CMCSA shares are showing signs of a breakout as they approach the 200-day SMA, supported by bullish MACD momentum. Comcast has been a bond-like stock that pays quarterly coupons for much of the last decade, so any breakout should be taken with a grain of salt. However, if the stock breaks above the 200-day SMA, investors may see price appreciation and dividend income this year.
Airbnb Inc.
Airbnb (NASDAQ:ABNB) was one of 2021’s hottest IPOs, but now it’s easy to forget it’s a publicly traded company. The stock has lost nearly 30% since its post-IPO high five years ago, and the long-term trend has been bearish since March 2024. So why will 2026 be different? For the first time in years, Airbnb has technical and fundamental tailwinds working in its favor.

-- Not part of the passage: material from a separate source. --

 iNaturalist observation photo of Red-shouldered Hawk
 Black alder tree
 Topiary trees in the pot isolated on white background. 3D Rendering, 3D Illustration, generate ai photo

The company received four upgrades in January, including sell-to-neutral moves from Cantor Fitzgerald, Barclays, and Wells Fargo, and a neutral-to-buy upgrade from B. Riley Securities. Analysts highlighted international expansion, the rollout of its Reserve Now Pay Later service, and the 2026 World Cup in the U.S., Canada, and Mexico as major catalysts for Airbnb this year.
The stock broke out briefly in December before reaching overbought on the RSI and dropping back to the 50-day SMA. A Golden Cross has now formed, and the 50-day SMA could be the new support level. Airbnb reports Q4 2025 earnings after the market closes on February 12, and investors will be closely watching the company's margin numbers and 2026 guidance projections.